[Captioned web images]
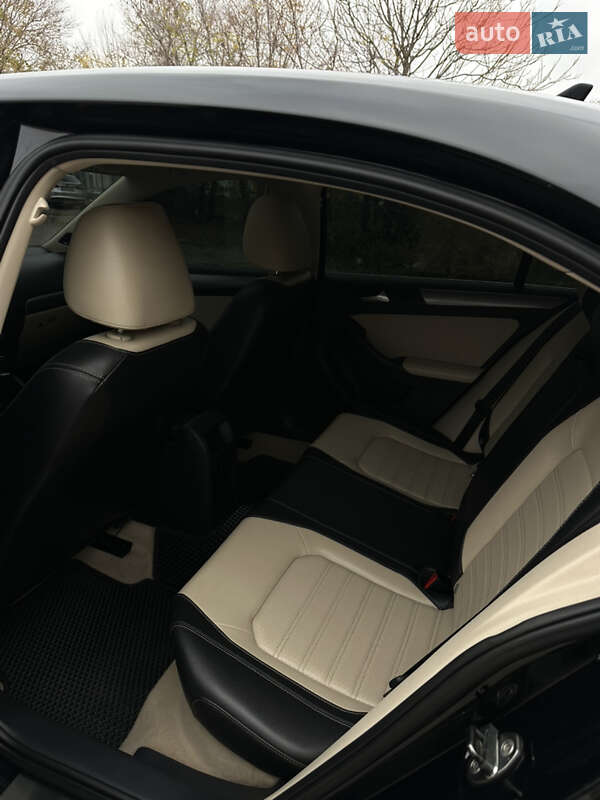 Седан Volkswagen Jetta 2014 в Запорожье фото 11 Седан Volkswagen Jetta 2014 в Запорожье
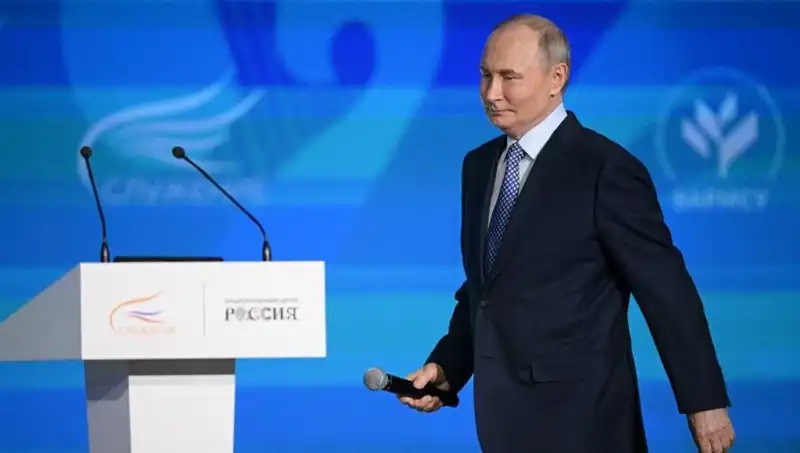 Rusya’da “Yabancı Ajan” Yasası: Yeni Dönem Başladı, Putin İmzayı Attı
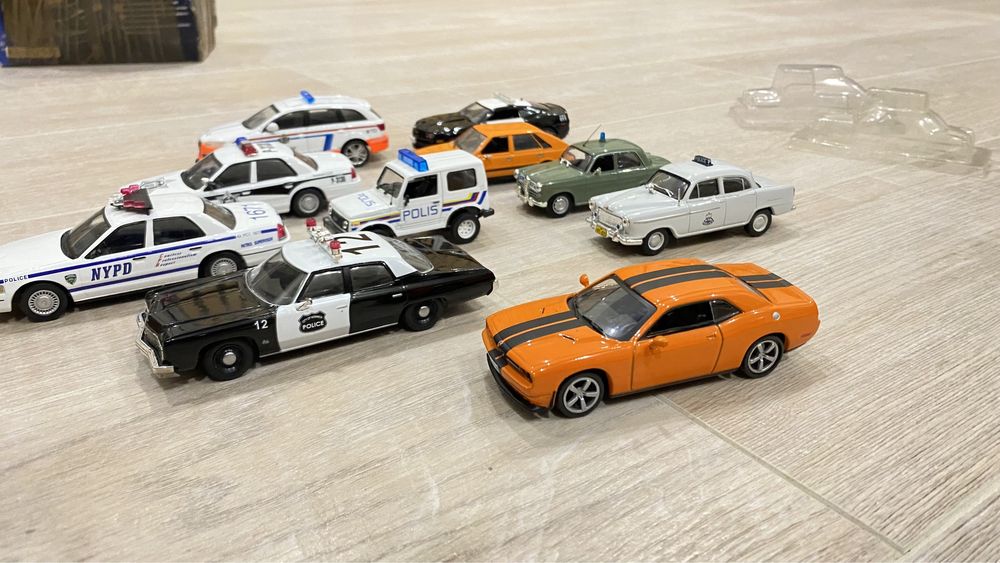 Полицейские авто мира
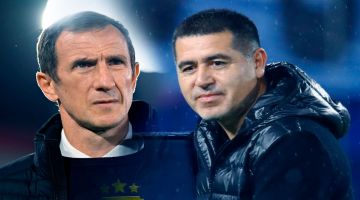 Riquelme y Arruabarrena hablaron en el avión a Paraguay: el DT le hizo dos pedidos y el presidente respondió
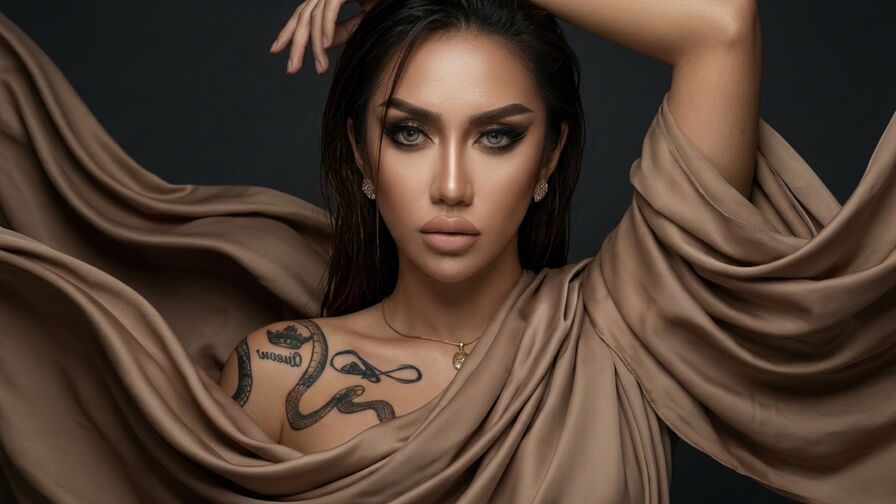 Watch JulliaFakarat live on shemalefreeporn.net
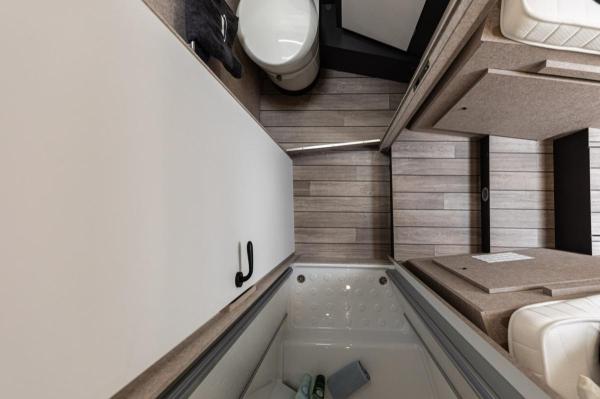 McLouis MC4-373 Foto 1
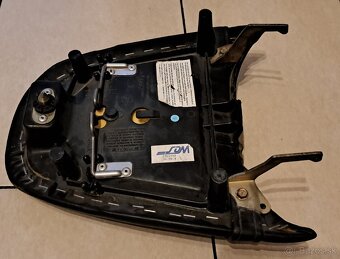 Triumph Daytona T595 - 19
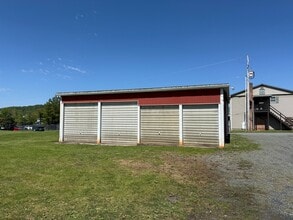 52 Legion Dr, Oley, PA à louer Photo intérieure– Image 2 sur 8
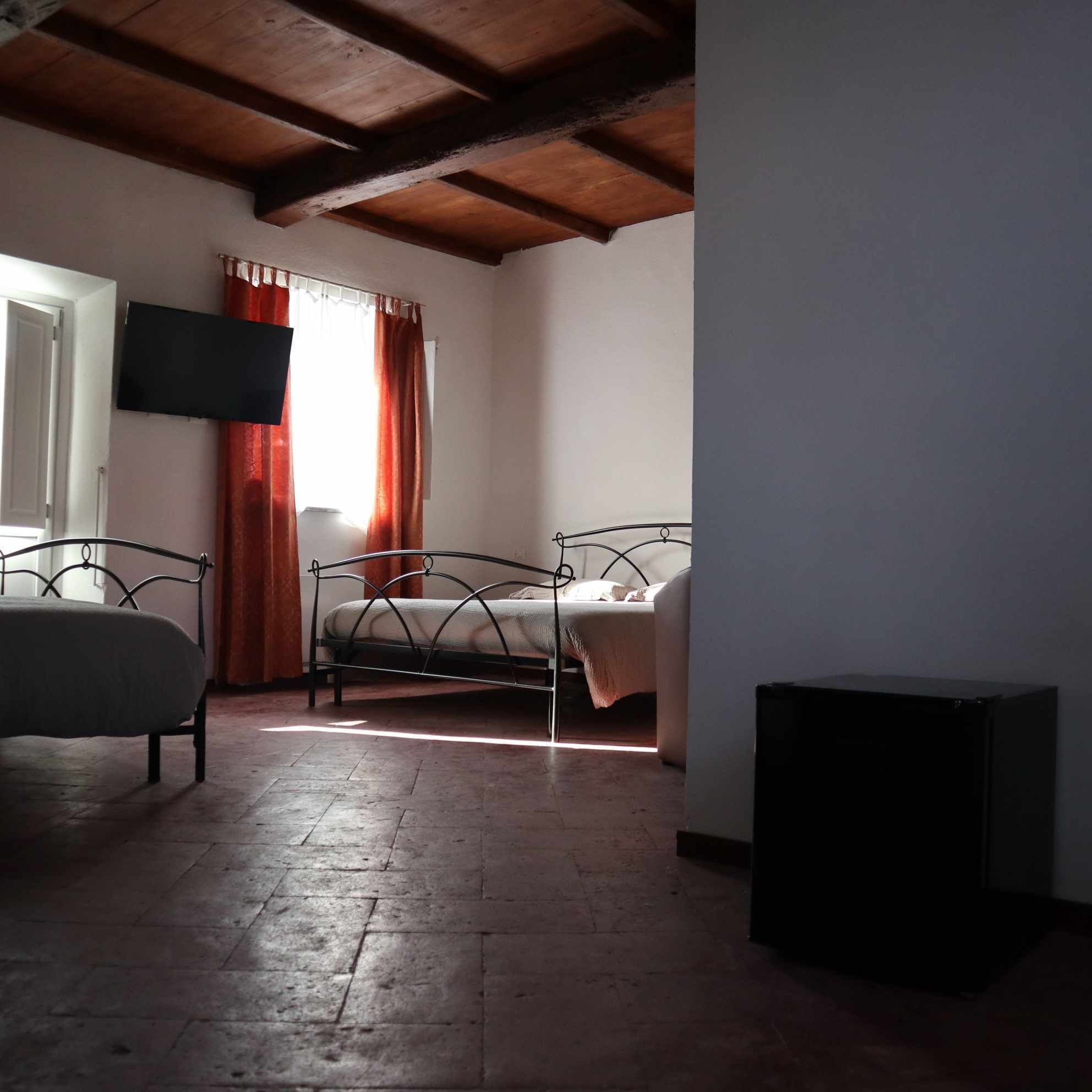 1 chambre, bureau, fer et planche à repasser, Wi-Fi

EXERCISE DESCRIPTION:
Go through the lines above and write each one out verbatim, skipping the pictures.

RESULT OF THIS TASK:
 Седан Volkswagen Jetta 2014 в Запорожье фото 11 Седан Volkswagen Jetta 2014 в Запорожье
 Rusya’da “Yabancı Ajan” Yasası: Yeni Dönem Başladı, Putin İmzayı Attı
 Полицейские авто мира
 Riquelme y Arruabarrena hablaron en el avión a Paraguay: el DT le hizo dos pedidos y el presidente respondió
 Watch JulliaFakarat live on shemalefreeporn.net
 McLouis MC4-373 Foto 1
 Triumph Daytona T595 - 19
 52 Legion Dr, Oley, PA à louer Photo intérieure– Image 2 sur 8
 1 chambre, bureau, fer et planche à repasser, Wi-Fi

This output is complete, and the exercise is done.